Bangladesh will recruit 6,000 new social workers, increasing the size of the workforce from 3,000 to 9,000, in an effort to expand child protection services in the country.
The ground-breaking commitment to children comes after a comprehensive national household survey revealed that 45 million Bangladeshi children under the age of 15 - a shocking 89 per cent - are regularly subjected to physical and psychological violence at home.
The announcement to strengthen child protection services and increase the number of social workers by 200 percent was made at the first-ever ‘National Symposium on Child Protection in Bangladesh’, held in Dhaka on Monday.
The symposium, which was jointly organised by UNICEF and the European Union, was virtually opened by Prime Minister Sheikh Hasina, who emphasised the importance of making child protection services available at the community level in a video message.
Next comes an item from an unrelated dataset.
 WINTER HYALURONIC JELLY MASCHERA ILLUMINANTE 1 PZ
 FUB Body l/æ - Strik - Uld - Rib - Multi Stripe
"The aim of our government is to build a professional social services workforce that enhances efficient delivery of child protection services such as Child Helpline 1098, Child Protection Allowances, and community-based outreach services involving volunteers, adolescent children, and community people so that no child is left behind," said Hasina.
However, according to data from a study named Bangladesh Multiple Indicator Cluster Survey (MICS) conducted in 2019 by the Bangladesh Bureau of Statistics (BBS) in partnership with UNICEF Bangladesh, more than three million children are trapped in child labour in Bangladesh. Of them, 1.3 million are engaged in hazardous forms of child labour.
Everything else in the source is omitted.